**Assignment**
Your answer must hold only the lines below from the line containing "Kit Massinha e Pintura-thor" through the line containing "Adidas Originals Sweatvest", each reproduced exactly.

**Supplied entries**
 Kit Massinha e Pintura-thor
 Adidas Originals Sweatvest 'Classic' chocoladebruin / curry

==

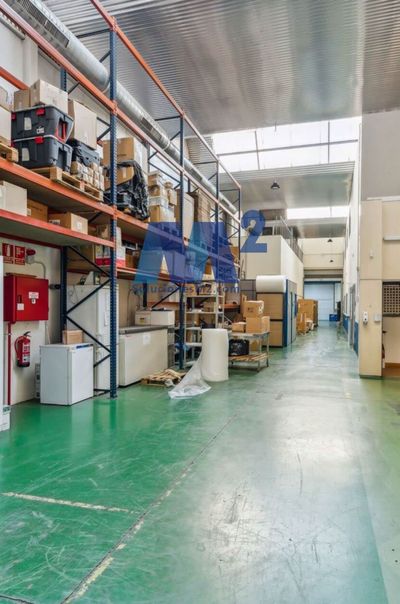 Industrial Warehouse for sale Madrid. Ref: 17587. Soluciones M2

--

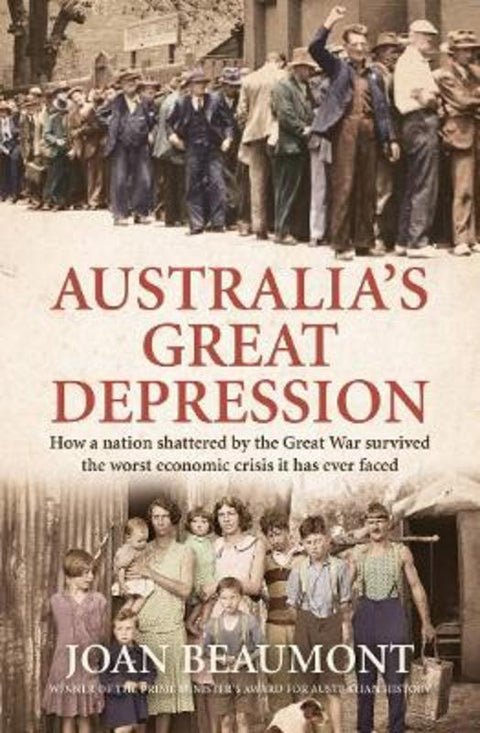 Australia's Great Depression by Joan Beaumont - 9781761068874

**Result for this exercise**
 Kit Massinha e Pintura-thor
 Adidas Originals Sweatvest 'Classic' chocoladebruin / curry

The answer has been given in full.